* [PATCH] perf/x86/amd/core: Always use the NMI latency mitigation
@ 2026-06-01 14:58 Sandipan Das
2026-06-01 15:13 ` sashiko-bot
0 siblings, 1 reply; 2+ messages in thread
From: Sandipan Das @ 2026-06-01 14:58 UTC (permalink / raw)
To: linux-perf-users, linux-kernel
Cc: Peter Zijlstra, Ingo Molnar, Arnaldo Carvalho de Melo,
Namhyung Kim, Mark Rutland, Alexander Shishkin, Jiri Olsa,
Ian Rogers, Adrian Hunter, James Clark, Thomas Gleixner,
Borislav Petkov, Dave Hansen, x86, H . Peter Anvin, Ravi Bangoria,
Ananth Narayan, Sandipan Das
Commit df4d29732fda ("perf/x86/amd: Change/fix NMI latency mitigation
to use a timestamp") fixed handling of late-arriving NMIs but limited
the mitigation to processors having X86_FEATURE_PERFCTR_CORE. However,
it is unclear if processors without this feature are also affected.
When Mediated vPMU is enabled on affected hardware, it is also possible
to bypass the fix inside KVM guests if X86_FEATURE_PERFCTR_CORE is
removed from the guest CPUID (e.g. using "-cpu host,-perfctr-core" with
QEMU).

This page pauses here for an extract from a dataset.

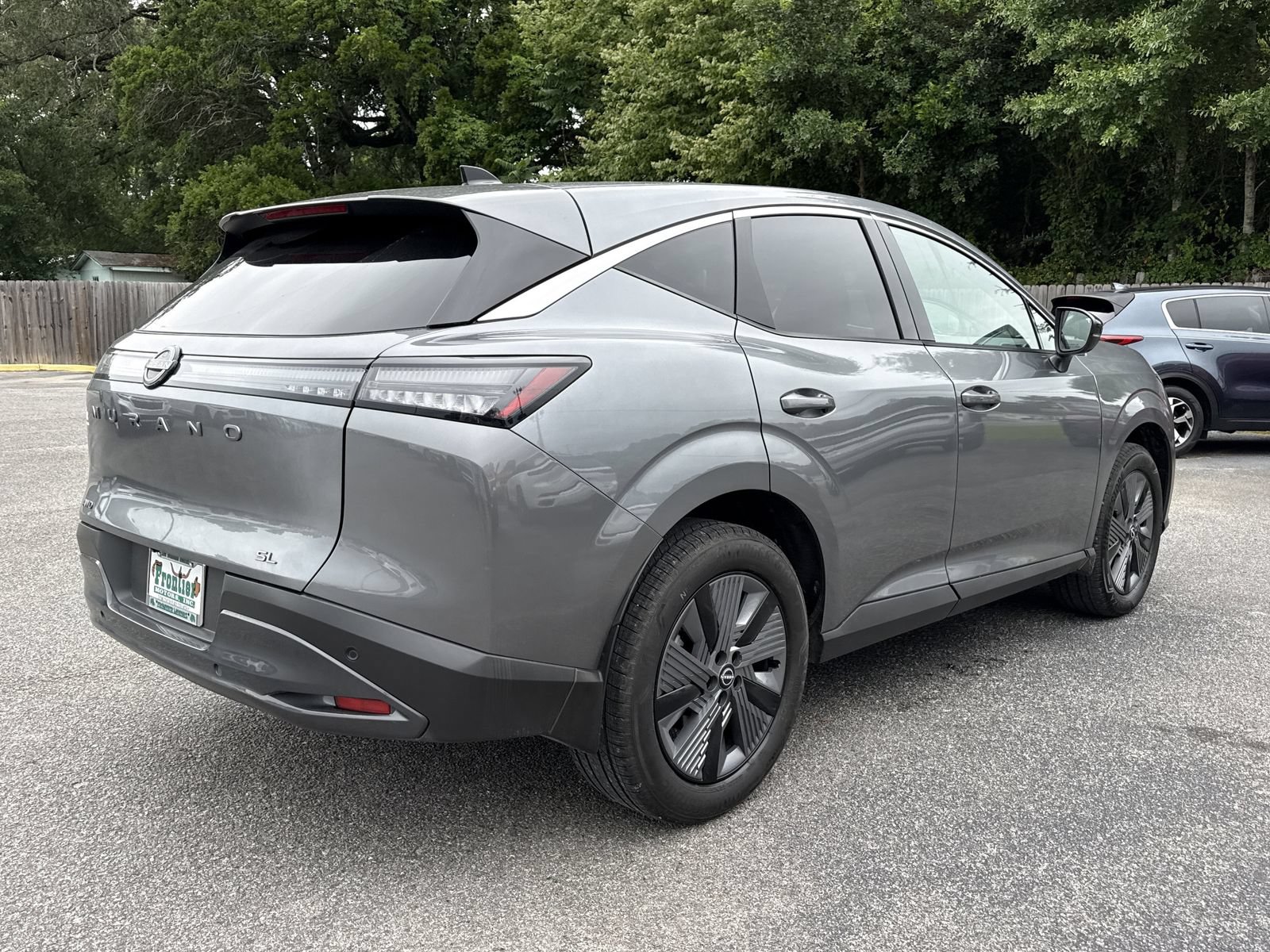 Used 2026 Nissan Murano SL AWD/4WD image 5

Hence, use the mitigation at all times.
Fixes: df4d29732fda ("perf/x86/amd: Change/fix NMI latency mitigation to use a timestamp")
Signed-off-by: Sandipan Das <sandipan.das@amd.com>
---
arch/x86/events/amd/core.c | 6 +++---
1 file changed, 3 insertions(+), 3 deletions(-)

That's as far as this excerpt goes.